Sherlock Holmes: A Game of Shadows (2011)

I write this review never having seen the first film in this series, so with fresh eyes and no expectations, I was ready to enjoy Robert Downey Jnr.’s portrayal of the famous detective.

 I will say this--it was a lot of fun, it does follow the new fashion of the two-and-a-half-hour movie that came about a few years ago. A few problems, though, really left me cringing, and without spoiling the film, I’ll elaborate on those.

There’s an accent dissonance whereby English actors are cast alongside American actors, and while English actors simply keep their natural accents, American ones seem to adopt an antiquated accent reminiscent of early British radio broadcasts. 

The fight scenes are, in a word, stupid. Lots of clicks and whizzes and snaps and slices are used, cheaply, to give the illusion of something happening when in fact, not much is. The first fight scene we’re given even uses the old trope of something dropping to the ground to see the henchmen dispatched with before it hits the ground (in this case, and apple thrown in the air). Surely that was over, wasn’t it? For this and other similar reasons, we can’t treat this film as any type of period piece. This establishes a further problem that Holmes is just so infallible that I never actually question whether he’ll make it through the next sequence or not.

The film-makers don’t seem to make any attempt to tone down this stupidity either.
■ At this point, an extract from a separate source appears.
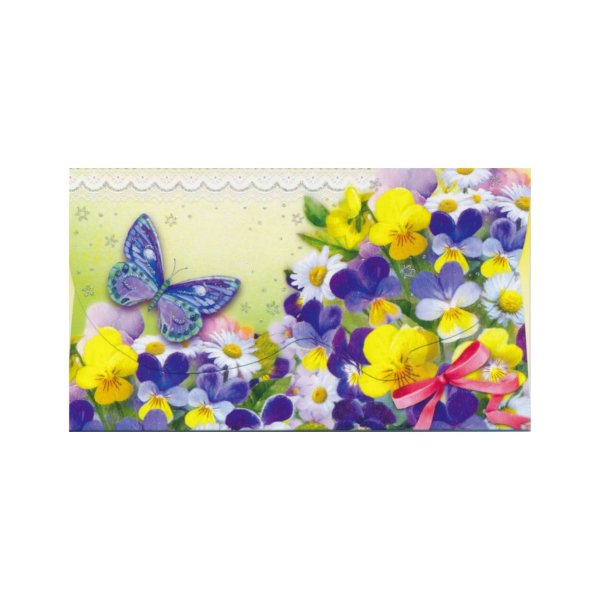 Rahakaart glitteriga "Liblikas lillede taustal"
In an early scene, Holmes can be seen quaffing down a brandy glass full of Formaldehyde, which is extremely poisonous, for no other reason that it establishes the character as ‘quirky’. Later, Holmes gives us narration for a fight scene, but rather than describe his thoughts, he instead gives us a recipe for scrambled eggs. What? Yes, that’s right. The intention is to show that Holmes approaches a fight like a chef would approach the cooking of breakfast, but the execution of this idea is so hammed up I did literally find myself cringing.

RDJ is fun to watch on screen--he is essentially playing himself (right down to surviving on caffeine, cigarettes, and coca leaves... cough cough) and the relationship (or partnership) between Holmes and Watson is interesting and entertaining.

Look, Sherlock Holmes: A Game of Shadows is most definitely a film that can be enjoyed if you switch your brain off and go along for the ride. The fact that it’s that kind of film, however, left me disappointed. Shouldn’t enjoying a Sherlock Holmes story be about switching your brain on?